I wrote a while back in The Unpopular Opinion About Vibe Coding and AI that AI has not replaced coding — it has shifted where the effort lives, from writing to governance. The same shift applies here. The question is no longer “did a human write this line.” It is “does a human stand behind this change, and did they invest enough effort to justify mine?”

Augmentation, Not Theater

The choice is not between stopping progress and surrendering to slop.

The right frame is augmentation.

AI should help humans move faster, see more options, and spend more time on the parts that actually require judgment. It should not become a machine for manufacturing plausible-looking burden for someone else to sort through.

That is the line for me.

I am not against AI-generated code. I am against unaccountable output. I am against content inflation. I am against policies that pretend every use case is the same. And I am against importing a rigid framework from one project and treating it like a universal answer.

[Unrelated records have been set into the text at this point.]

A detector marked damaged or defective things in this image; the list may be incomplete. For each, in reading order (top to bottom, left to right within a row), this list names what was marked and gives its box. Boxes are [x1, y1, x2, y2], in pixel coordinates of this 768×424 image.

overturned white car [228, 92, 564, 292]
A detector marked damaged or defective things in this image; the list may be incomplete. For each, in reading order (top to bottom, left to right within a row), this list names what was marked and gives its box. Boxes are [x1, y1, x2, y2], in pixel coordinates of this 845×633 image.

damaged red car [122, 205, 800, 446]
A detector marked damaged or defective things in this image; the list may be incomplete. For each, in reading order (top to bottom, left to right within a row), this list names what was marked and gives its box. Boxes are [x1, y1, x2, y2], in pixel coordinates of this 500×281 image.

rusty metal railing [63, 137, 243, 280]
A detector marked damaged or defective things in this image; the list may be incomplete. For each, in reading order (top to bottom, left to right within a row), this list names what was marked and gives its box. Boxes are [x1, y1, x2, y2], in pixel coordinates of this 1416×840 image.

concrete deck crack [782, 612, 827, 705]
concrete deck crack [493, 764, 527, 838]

The future is not human-only software development. But it also cannot be a world where machines generate explanation faster than humans can maintain trust.

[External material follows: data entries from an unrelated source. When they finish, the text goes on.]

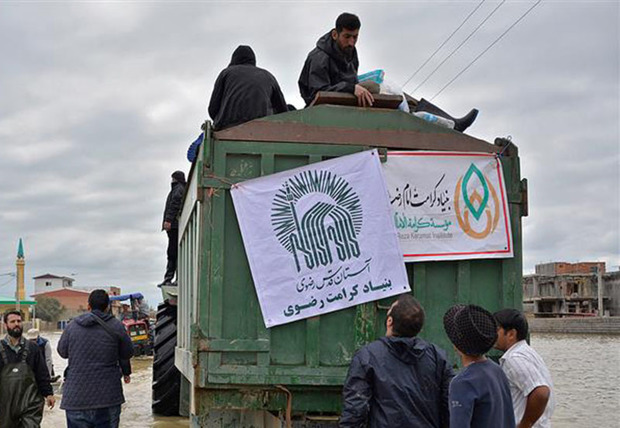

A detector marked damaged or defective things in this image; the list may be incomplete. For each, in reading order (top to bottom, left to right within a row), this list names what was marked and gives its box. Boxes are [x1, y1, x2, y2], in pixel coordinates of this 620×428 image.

rusty metal surface [213, 121, 498, 153] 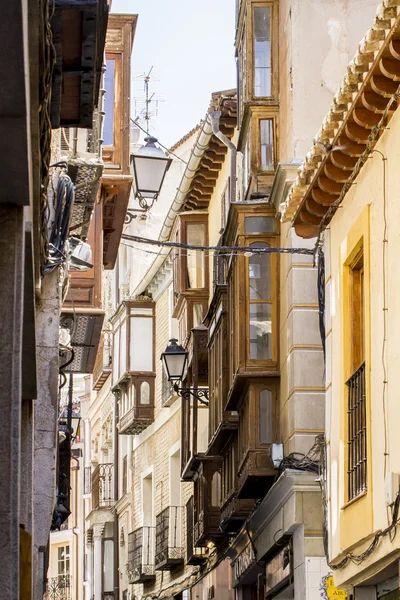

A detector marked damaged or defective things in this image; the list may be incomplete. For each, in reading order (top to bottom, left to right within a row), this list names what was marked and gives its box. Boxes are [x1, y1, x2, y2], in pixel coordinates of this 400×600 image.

peeling plaster wall [280, 0, 380, 162] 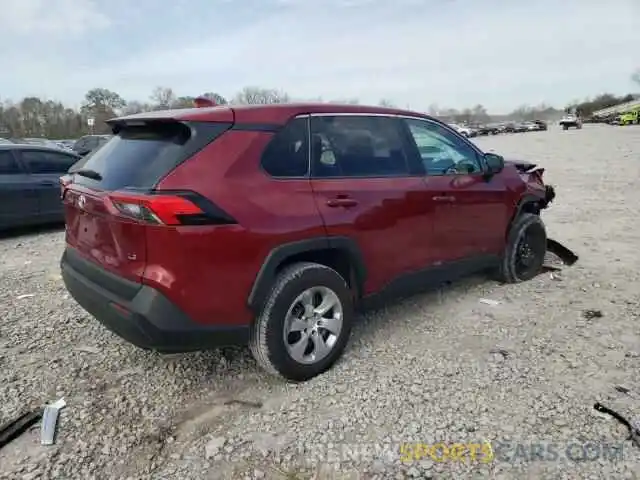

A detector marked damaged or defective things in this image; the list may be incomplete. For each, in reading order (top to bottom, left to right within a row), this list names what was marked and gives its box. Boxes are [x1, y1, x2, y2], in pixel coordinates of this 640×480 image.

damaged red suv [60, 103, 556, 380] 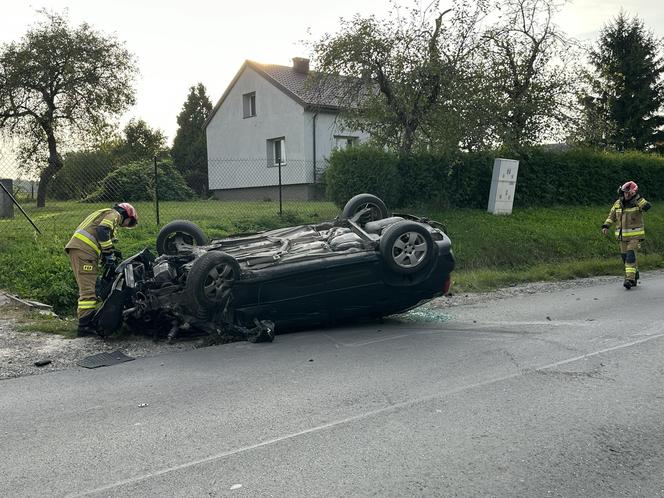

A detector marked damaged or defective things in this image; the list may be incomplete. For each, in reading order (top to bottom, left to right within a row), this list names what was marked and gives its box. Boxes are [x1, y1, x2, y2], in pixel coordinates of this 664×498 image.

overturned black car [94, 195, 456, 342] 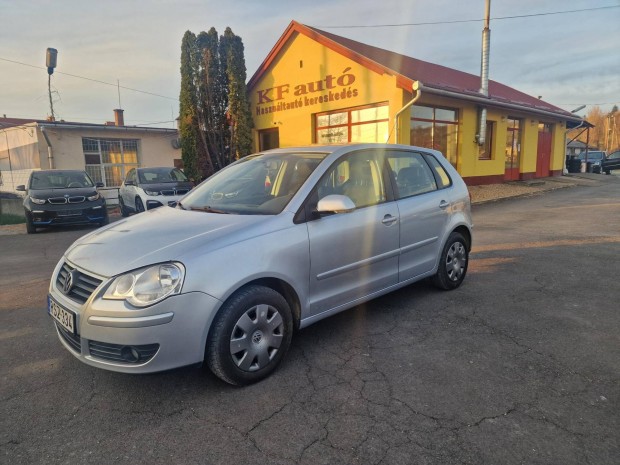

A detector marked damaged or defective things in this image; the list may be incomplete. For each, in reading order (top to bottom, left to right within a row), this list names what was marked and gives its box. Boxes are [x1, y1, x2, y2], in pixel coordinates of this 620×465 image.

cracked asphalt [0, 174, 616, 464] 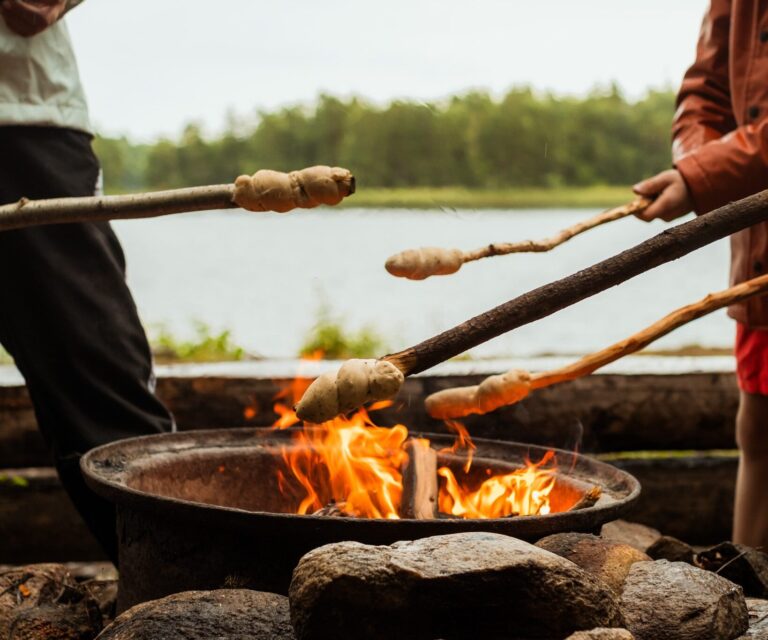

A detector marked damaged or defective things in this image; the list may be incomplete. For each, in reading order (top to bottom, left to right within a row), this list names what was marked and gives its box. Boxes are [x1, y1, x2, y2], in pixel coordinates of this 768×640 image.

rusty metal bowl [81, 428, 640, 608] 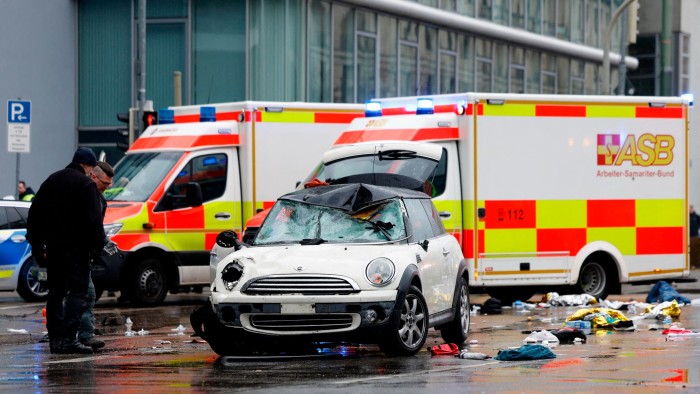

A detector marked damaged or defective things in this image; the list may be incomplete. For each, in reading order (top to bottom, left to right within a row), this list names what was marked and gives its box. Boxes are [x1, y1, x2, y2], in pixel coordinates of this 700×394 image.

smashed windshield [104, 151, 183, 200]
crushed car roof [282, 183, 430, 214]
smashed windshield [298, 149, 446, 195]
smashed windshield [253, 199, 404, 245]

The scarce asset is not code.

It is responsible attention.

That PR I started with, the one that made me write this post — I did eventually close the review. Not because AI had been used. Because the author could not defend the parts I asked about, and the review itself had started feeling like a conversation with a model wearing a human’s badge. The fix was not a new taxonomy. The fix was a short message that said: do the next one yourself, then loop me back in.

That, to me, is the whole policy in one sentence.

Written and developed with Claude. The arguments are mine; the drafting was collaborative. The inciting PR review was, unfortunately, also mine.